Opinion
7:19-CV-00102 (WLS-TQL)
09-22-2022
ORDER
W. LOUIS SANDS, SR. JUDGE UNITED STATES DISTRICT COURT
Before the Court is Plaintiff s “Unopposed Motion for Attorney Fees” (Doc. 18) under the Social Security Act, along with Plaintiff s counsel, Charles L. Martin's (“Martin”) brief in support (Doc. 18-1) and a declaration from Martin (Doc. 18-6), among other supporting exhibits. (Docs. 18-1-18-7.)

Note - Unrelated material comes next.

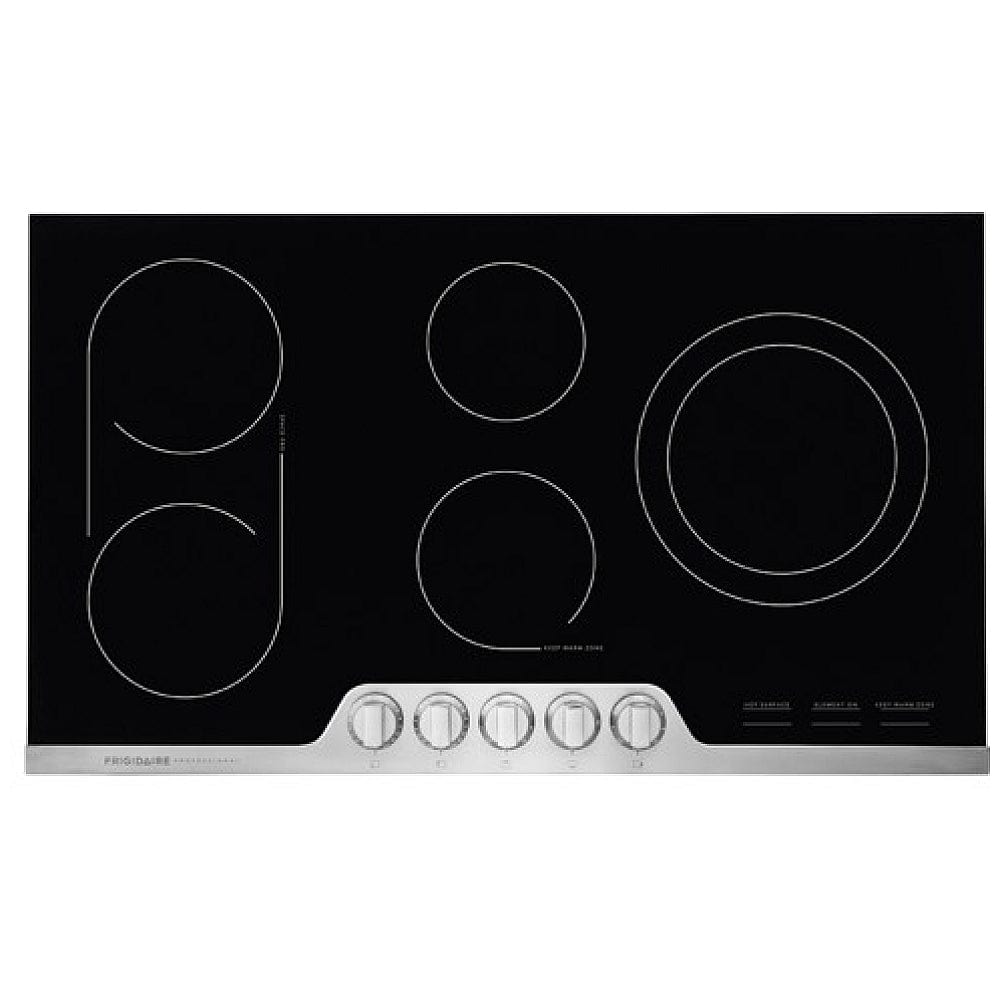 Frigidaire Professional 36'' Electric Cooktop FPEC3677RF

Previously, on January 6, 2021, this Court remanded the above-captioned case to the Commissioner under sentence four of 42 U.S.C. § 405(g) for further action and proceedings. (Doc. 13.) On March 8, 2021, Plaintiff filed an “Unopposed Motion for Attorney Fees” under the Equal Access to Justice Act (“EAJA”) in connection with his Social Security appeal and remand. (Doc. 15.) The Court granted Plaintiff s petition for attorney's fees pursuant to the EAJA and ordered attorney's fees in the amount of $412.29. (Docs. 16; 17.) On remand, Plaintiff was awarded past-due benefits of at least $153,880.00, and 25% of that fee, which is $38,470.00, has been withheld for attorney's fees. (Docs. 18-1, at 1; 18-2, at 3.)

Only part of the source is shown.